**DIRECTIONS FOR THIS TASK:**
Reproduce every entry below exactly, minus the pictures.

**AVAILABLE DATA:**
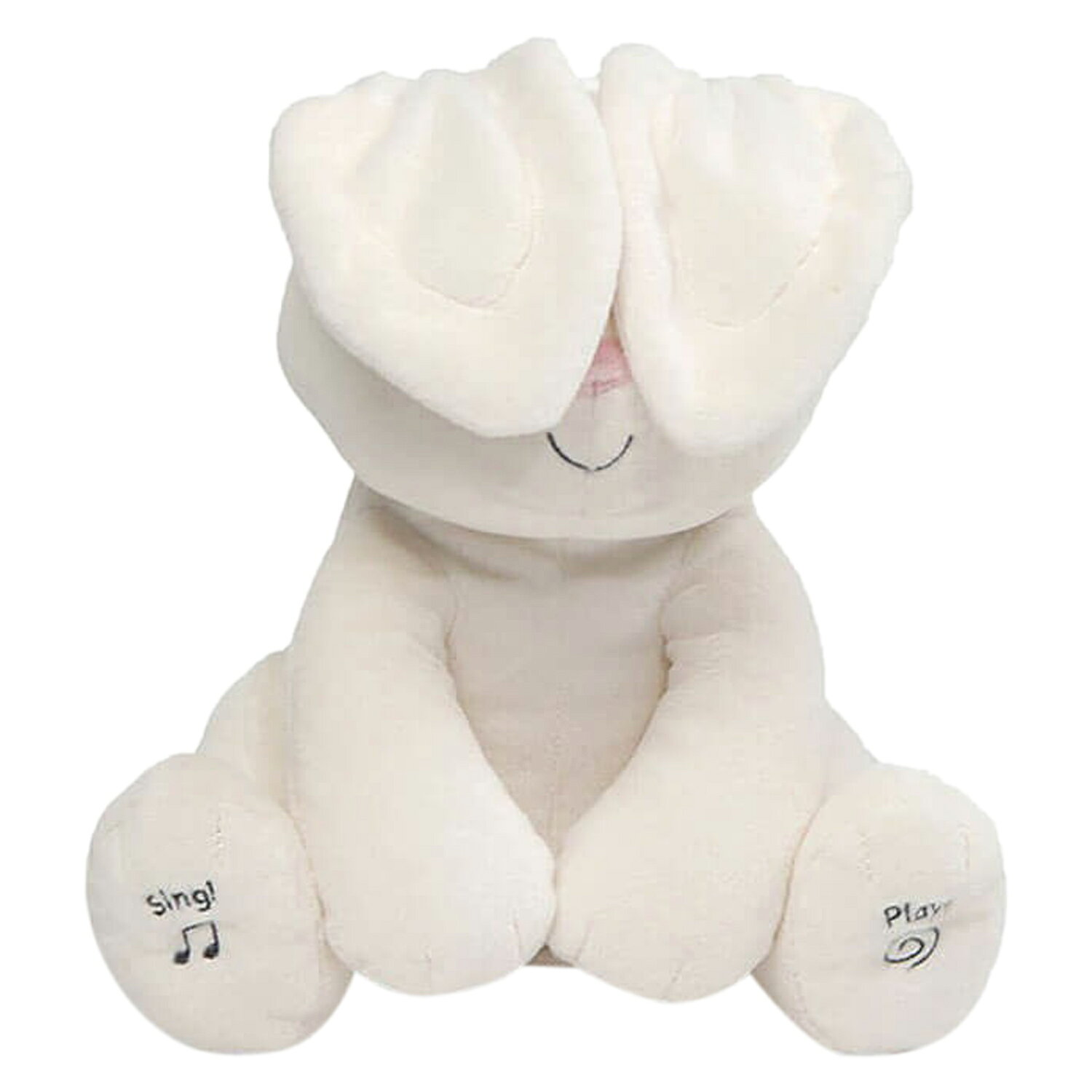 【最大1000円OFFクーポン発行中】 ガンド GUND ぬいぐるみ フローラ バニー ベビー...
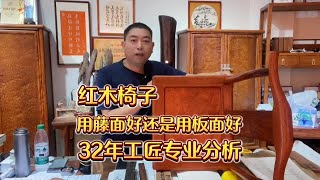 红木椅子用藤面好还是板面好，到底有什么区别吗，专业技术分析 [upl. by Fanning]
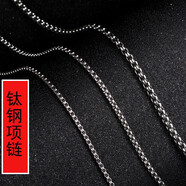 一羚一山 男士鈦鋼項鏈潮男吊墜配鏈70cm方形珍珠鏈盒子鏈項鏈繩百搭潮男項墜配 2.5mm粗 70厘米長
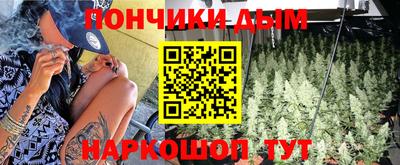 мдпв Пушкино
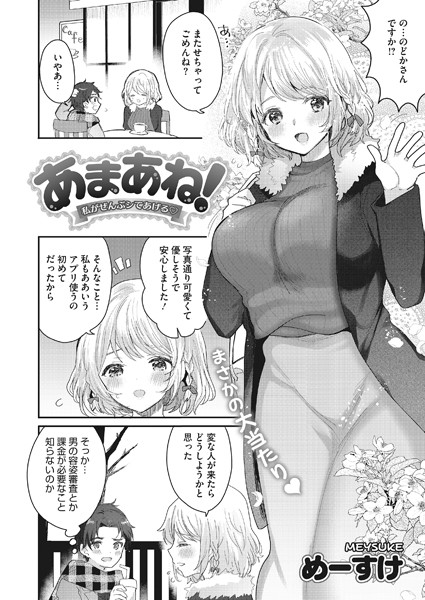 あまあね！〜わたしがぜんぶシてあげる〜（単話）｜めーすけ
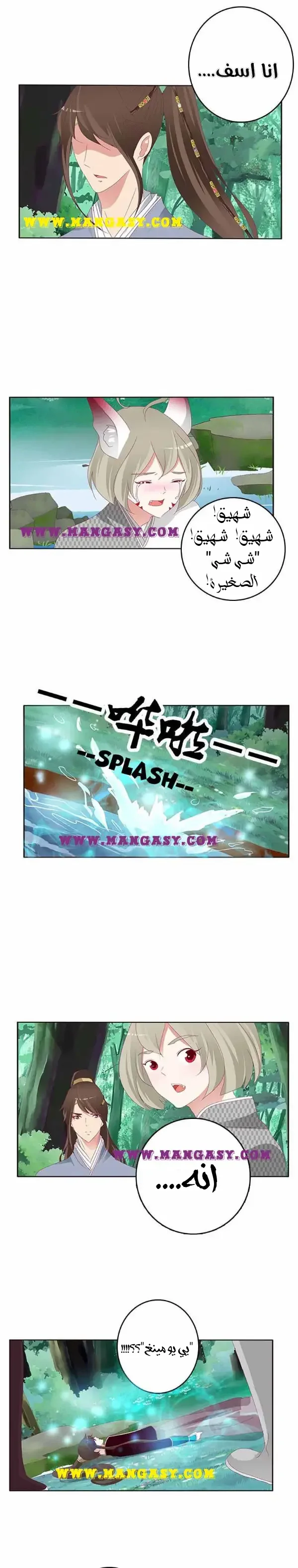 Read Tong ling fei AR Manga Online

**TASK ANSWER:**
 【最大1000円OFFクーポン発行中】 ガンド GUND ぬいぐるみ フローラ バニー ベビー...
 红木椅子用藤面好还是板面好，到底有什么区别吗，专业技术分析 [upl. by Fanning]
 一羚一山 男士鈦鋼項鏈潮男吊墜配鏈70cm方形珍珠鏈盒子鏈項鏈繩百搭潮男項墜配 2.5mm粗 70厘米長
 мдпв Пушкино
 あまあね！〜わたしがぜんぶシてあげる〜（単話）｜めーすけ
 Read Tong ling fei AR Manga Online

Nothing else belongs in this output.